I tried martial arts a couple times. Aikido seemed interesting, and there was a mixed martial arts place I tried an intro class at, after swallowing the fear of being amongst a group of strangers, it was fun. However I found the rote memorization of individual movements to be less so. Sparring is where martial arts shines though I’ve always been too afraid of hurting someone to participate.


You may find that the focus on discipline is appealing to you. Extreme structure, clear progression through the ranks with possible achievements by practice. That didn’t appeal to me. I like structure, but I want to problem-solve more. A friend recommended I try parkour. By luck I had a gym in my area and they offered a free class. I swallowed my fear and went.


I had a great time. I was presented with an obstacle and given instruction on the steps to overcome it, then shown how that could be applied again to other obstacles. I love practical movement practices. Not that I didn’t still have fear about what I was doing, just that this was the one that appealed to something in myself that would overcome that fear.


Part of what really made me connect with parkour was the coaches, their outlook, and the community that grew around it. After a very short time it felt like home. You might find that in another form, that of the martial arts dojo, or corner fitness, or local swimming pool.

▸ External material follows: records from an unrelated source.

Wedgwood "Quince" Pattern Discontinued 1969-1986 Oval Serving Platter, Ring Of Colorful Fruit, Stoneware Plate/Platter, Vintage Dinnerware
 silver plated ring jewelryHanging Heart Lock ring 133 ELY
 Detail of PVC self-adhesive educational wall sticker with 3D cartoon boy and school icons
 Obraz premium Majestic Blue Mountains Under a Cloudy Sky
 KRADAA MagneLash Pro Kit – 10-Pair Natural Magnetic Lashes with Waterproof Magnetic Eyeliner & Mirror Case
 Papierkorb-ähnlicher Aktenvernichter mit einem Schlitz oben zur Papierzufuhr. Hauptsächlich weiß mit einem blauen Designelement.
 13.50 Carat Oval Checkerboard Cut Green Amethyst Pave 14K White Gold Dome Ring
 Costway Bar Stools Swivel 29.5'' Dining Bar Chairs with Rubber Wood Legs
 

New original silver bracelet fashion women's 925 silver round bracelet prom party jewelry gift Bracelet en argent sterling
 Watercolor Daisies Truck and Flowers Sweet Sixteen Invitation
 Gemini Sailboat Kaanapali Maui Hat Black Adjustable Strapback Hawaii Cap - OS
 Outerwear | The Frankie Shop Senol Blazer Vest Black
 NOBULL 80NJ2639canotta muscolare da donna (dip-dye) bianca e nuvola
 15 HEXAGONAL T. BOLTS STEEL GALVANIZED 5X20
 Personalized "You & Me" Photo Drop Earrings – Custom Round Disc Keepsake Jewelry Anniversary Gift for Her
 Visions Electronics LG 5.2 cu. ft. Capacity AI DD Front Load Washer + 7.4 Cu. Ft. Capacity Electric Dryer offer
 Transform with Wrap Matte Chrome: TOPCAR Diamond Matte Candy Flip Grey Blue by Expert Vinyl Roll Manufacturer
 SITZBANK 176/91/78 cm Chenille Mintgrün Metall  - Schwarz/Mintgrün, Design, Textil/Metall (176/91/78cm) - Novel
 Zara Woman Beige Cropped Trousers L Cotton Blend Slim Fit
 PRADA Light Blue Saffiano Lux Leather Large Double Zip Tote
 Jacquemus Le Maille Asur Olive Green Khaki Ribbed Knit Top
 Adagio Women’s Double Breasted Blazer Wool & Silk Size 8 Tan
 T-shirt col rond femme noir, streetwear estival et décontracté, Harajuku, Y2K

My experiences drove me to find a niche and yours can too. It can be a struggle but ultimately if you keep looking you’ll find something you can identify and connect with.


Everyone has some level of anxiety. Besides the ringing and pressure I might get worried about social situations or being in a new environment. Perhaps the expectations we put on ourselves of who or what we should be. I experience these with varying levels of intensity depending on the circumstances and there are consequences. How you react to this anxiety is as unique as you are. Panic might cause your heart to race or make your throat feel like it’s closing. You might tense your shoulders or jaw. Sometimes you might become full of manic energy. You might fixate on unnecessary details. All of the above or others might be how you interact with anxiety.


Each of these are obstacles you’re going to have to overcome and movement is an incredible help to do so. You can reset your breathing and your heart rate with a walk. Unclench your muscles with stretching. Expend your energy in pushups, it feels good and is a productive way to channel an excess of worry into something positive.


If you’re looking for fitness and you have anxiety? You need to find a movement practice that suits you. Because the truth of fitness is if you don’t take the long view you won’t retain it. If you don’t want to do it you won’t. You’ll get trapped in the constant cycle of “I should” and the guilt and shame that comes from not. Followed by all the habits you’ve formed to alleviate those feelings.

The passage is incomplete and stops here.